What’s your EBITDA?
When I give speeches I like to wrap up the presentation by doing a group exercise where the participants have to look at a simple set of financial statements and calculate a Company’s EBITDA (earnings before taxes depreciation and amortization). This is the most commonly used financial short hand for understanding the operating cash flows a company generates.
What’s interesting is many business owners and CEOs have a tough time calculating EBITDA. Many go back through their the notes from my presentation to look up the formula. What this tells me is many owners and CEOs of private companies don’t routinely look at their EBITDA often in their own business.
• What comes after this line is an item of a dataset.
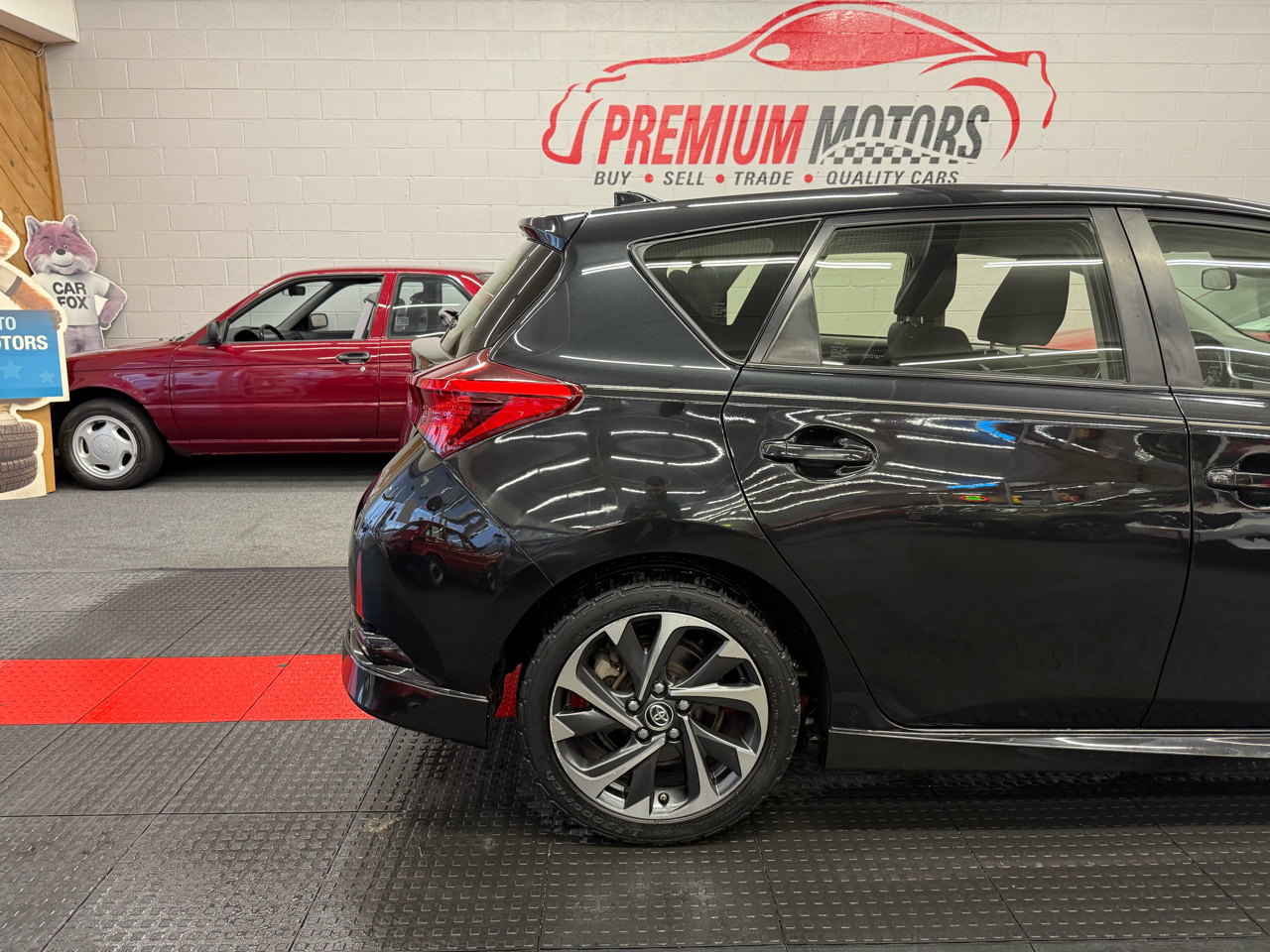 Toyota Corolla iM 4D Hatchback 2018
The problem is EBITDA is typically the most important component to calculating a company’s enterprise because that value is based on a multiple of EBITDA (i.e. 5 times EBITDA or something similar). Conversely, financial owners of businesses (private equity firms or larger corporate owners) watch EBITDA like a hawk, because it most determines value.
If you are one of those owners, don’t freak out. Just start to look at it and incorporate it into your business and corporate financial planning process. Here are three ways to do it.
1) Calculate EBITDA the last three years…manually. Start with net income then add back the interest, taxes and deprecation and amortization. Doing it manually will cause you to internalize what goes into the number.
2) Add EBITDA to all your internal financial reports, budgets and forecasts. EBITDA isn’t something that naturally pops out on accounting statements. If you already summarize financials into a different format for key management or owners, then add the EBITDA calculation.
3) Identify ways to significantly increase EBITDA. Focusing on growing revenue and EBITDA does not always lead to the same objective. Companies that incorporate both often exponentially increase their value over time.
The more frequently you look at EBITDA, the more likely you are start identifying ways to drive the results you want.